What mattered was we’d put access and response control in the users hand. We’d also shown the developers a market where despite the increasing negotatiated complexity behind the scenes the user experience was easier than ever. Merging the Twitter and iPhone Developer communities accelerated notification service developments. Dropping MobileMe – making it free enable the notification ecostructure to thrive.
Today we face a new opportunities and we think we are ready for it. I spoke before about when the apps effectively went invisible…. iMem 1.0 represents the next generation human OS.
So ask yourself.
Is this scenario even a little possible? What’s your Twitter strategy? What’s your notification strategy? Could Apple pull this off?
These are points of intersection that make could make it interesting.
- iPhone users use Twitter.
- iPhone users don’t use MobileMe much.
- Apple is about to turn on a notification service with iPhone 3.0
- Apple doesn’t have a “profile” or simple directory listing other than what is in the “contacts” and no way to share same.
- More importantly the Twitter profile relates to a URL not a number
What is similar about Apple’s notification service and Twitter?
- Notifications directed at a user (Twitter DM or @, Apple’s SMS popup format) may be public or private.
- The flow of this information is designed to “escalate” / launch new programs and activity.
- Apple can monetize this notification activity.
- Apple is also the gateway to real-time updates.
- The only notifications outside this model are ringing calls, SMS and MMS. (You could perhaps count email too). Twitter supports SMS and email.
So….
- Could Twitter be the world’s independent notification service?
- Will Apple simply usurp the “notification” world by riding on top of the “app” mania?

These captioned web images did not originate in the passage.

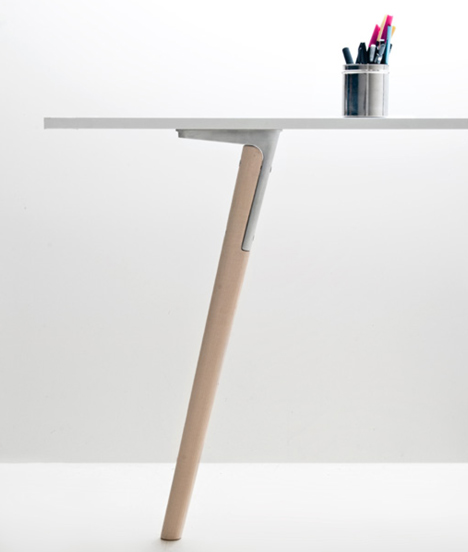 Pila and Pilo by Ronan & Erwan Bouroullec for Magis Pila and Pilo by Ronan & Erwan Bouroullec for Magis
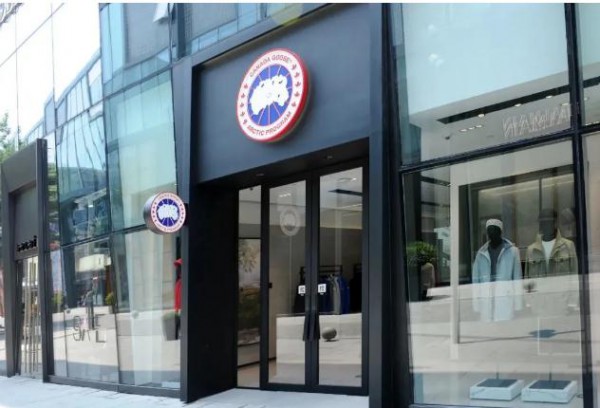 售价万元的鹅绒却是普通鸭绒 “撒谎的加拿大鹅”涉嫌虚假宣传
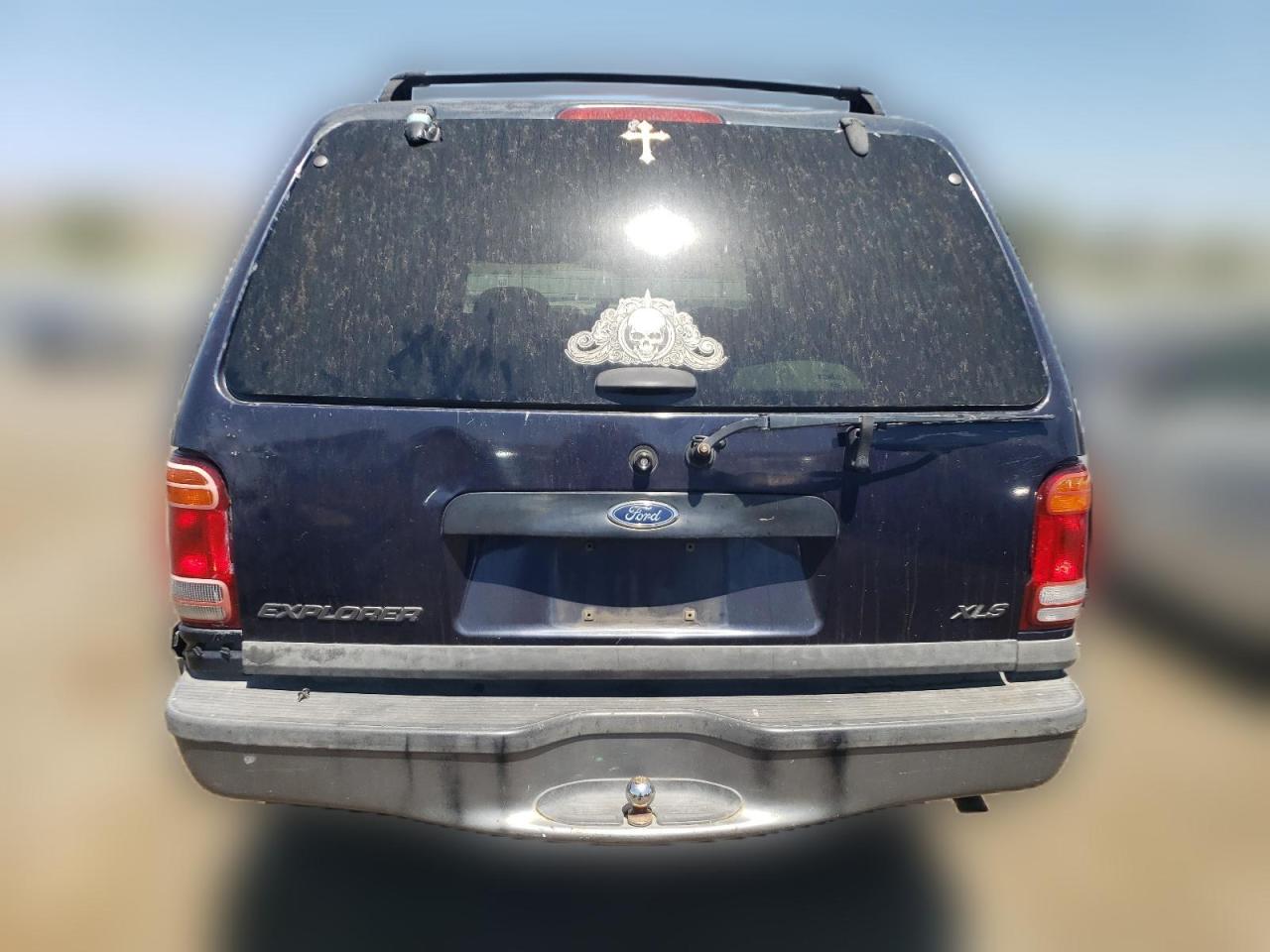 2000 Ford Explorer Xls VIN: 1FMZU62X2YZB57301 Lot: 63920834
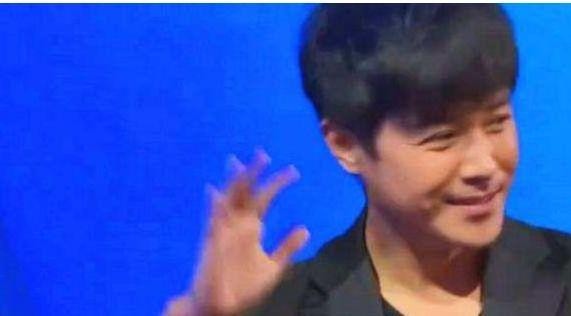 张大大斥责陈思诚瞎眼，陈思诚发飙，场面失控谢娜惊的不敢说话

- Can this combination refine notifications to such a point that the “power and economic structures” around the phone / mobile change dramatically?
- Does this change who should be interested in Twitter?
I read a wonderful piece by Malcom Gladwell today about David and Golaith. Apple has learned the fullcourt press.














{ 3 comments… read them below or add one }
Great article! I liked the way you narrated the whole futuristic technology. Off course, phweet will change the communication paradigm. Twitter as a global notification platform is gone happen.
Here are some additional points to think off
1) Twitter username as a global user identifier.
2) All communication like sms, mms, email and voice happens via this global identifier
3) Twitter the new communication platform
From an acquisition standpoint; Sorry Apple, I don’t see the synergy. Google or Microsoft makes lot of sense. These companies can exploit the power of twitter. All that said, I still wish twitter goes all the way alone and unleashes its power.
omfut(Ravi)
Ravi, Thanks for the additions, we’re on the same planet when it comes to using global identifiers. Twitter has given more control to the user for theirs (via developers) than effectively anyone else.
There’s real value in looking further at the “identifier” model that Twitter almost finds themselves in now. Push needs to be under the users control. Similarly, filters.
As we once discussed, goodbye dial tone, hello notifications.